UN: Georgia violating human rights

 A UN human rights investigator has accused law enforcement officials in Georgia of continuing to torture detainees without fear of prosecution.

Georgia has increased the number of troops in Iraq to 850

Manfred Nowak, UN special rapporteur on torture and other cruel, inhuman or degrading treatment, also denounced “deplorable conditions” including severe overcrowding at pre-trial detention facilities in the former Soviet state.

“Torture and ill-treatment by law enforcement officials still exists in Georgia”, Nowak said in a statement issued after a week-long, fact-finding visit at the government’s invitation.

In the detention centres where the UN envoy interviewed inmates, he found an “apparent culture of impunity for perpetrators of torture”. Despite “a number of substantiated cases, in no instance have the perpetrators been brought to justice”, he added.

Government committed

An Austrian law professor, Nowak met senior officials including Western-leaning President Mikhail Saakashvili – brought to power in a bloodless revolution in November 2003 which toppled veteran leader Eduard Shevardnadze.

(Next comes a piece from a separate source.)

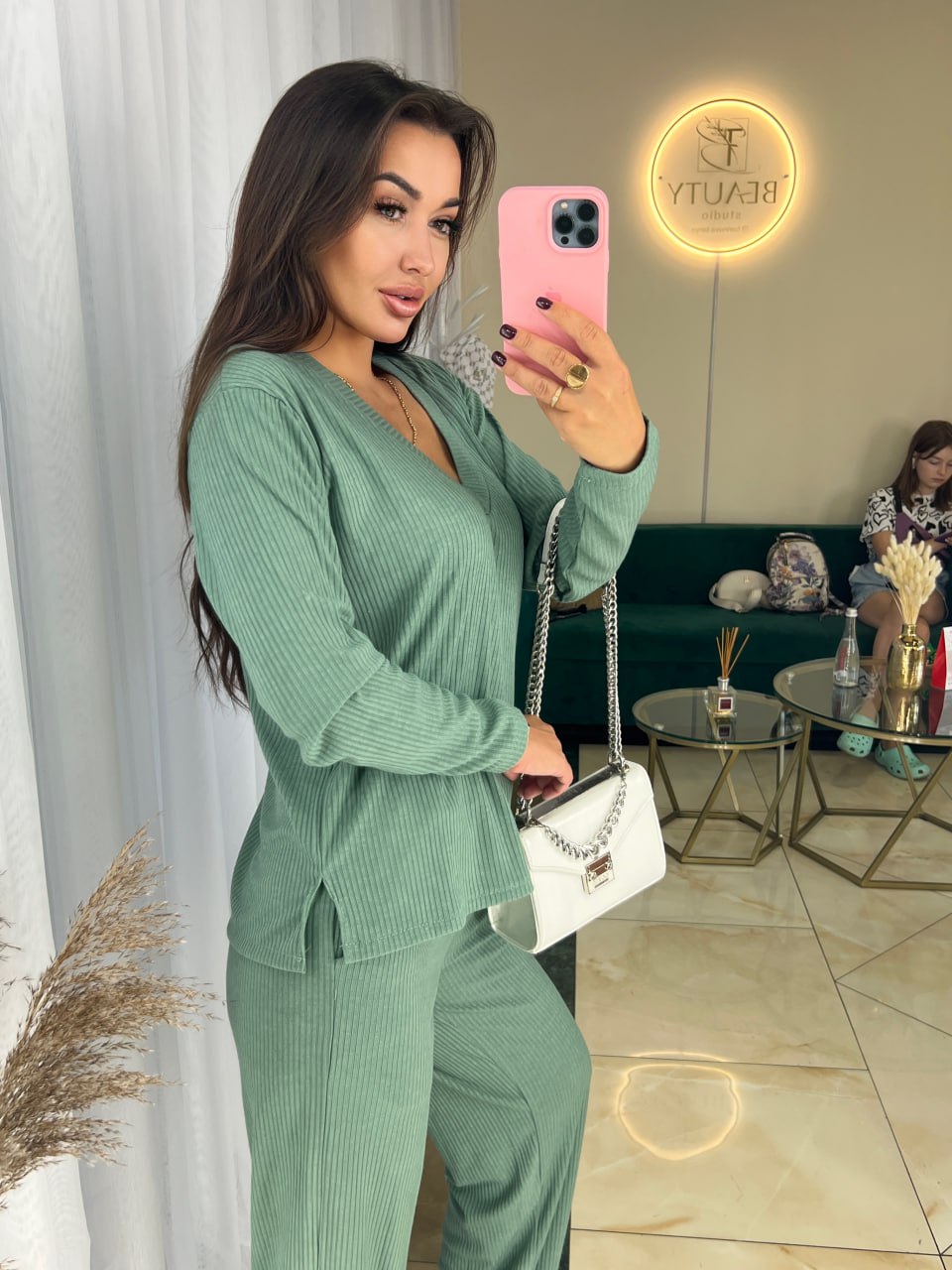 Woman in a green outfit taking a mirror selfie in a stylish room.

He received “clear commitments from the government” and said that authorities at all levels recognised the problems, according to the UN statement issued in Geneva.

Nowak, who also visited prison facilities in the Moscow-backed separatist regions of Abkhazia and South Ossetia, will make a full report to the UN Commission on Human Rights.

The 53-member state forum opens its annual six-week session in Geneva on 14 March.

Georgia sent extra troops to Iraq on Tuesday after requests from the United States and the United Nations, increasing its force there to 850 from 300 soldiers.